--- Exercise material ---
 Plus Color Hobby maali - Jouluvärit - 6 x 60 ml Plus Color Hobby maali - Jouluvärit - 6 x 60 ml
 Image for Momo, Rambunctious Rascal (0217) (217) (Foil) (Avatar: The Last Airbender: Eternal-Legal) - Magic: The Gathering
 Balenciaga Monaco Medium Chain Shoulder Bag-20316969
---
--- Exercise material ---
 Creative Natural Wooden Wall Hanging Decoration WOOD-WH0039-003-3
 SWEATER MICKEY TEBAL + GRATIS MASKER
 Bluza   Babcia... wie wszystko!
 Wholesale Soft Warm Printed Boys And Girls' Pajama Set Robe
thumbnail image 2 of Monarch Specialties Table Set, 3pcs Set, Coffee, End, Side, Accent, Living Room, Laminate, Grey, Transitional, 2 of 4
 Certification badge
---
### Aim of the task
Set down again, word for word, the stretch of records from the line with "thumbnail image 2" to the line with "Certification badge", both of those lines included.

### Task solution
thumbnail image 2 of Monarch Specialties Table Set, 3pcs Set, Coffee, End, Side, Accent, Living Room, Laminate, Grey, Transitional, 2 of 4
 Certification badge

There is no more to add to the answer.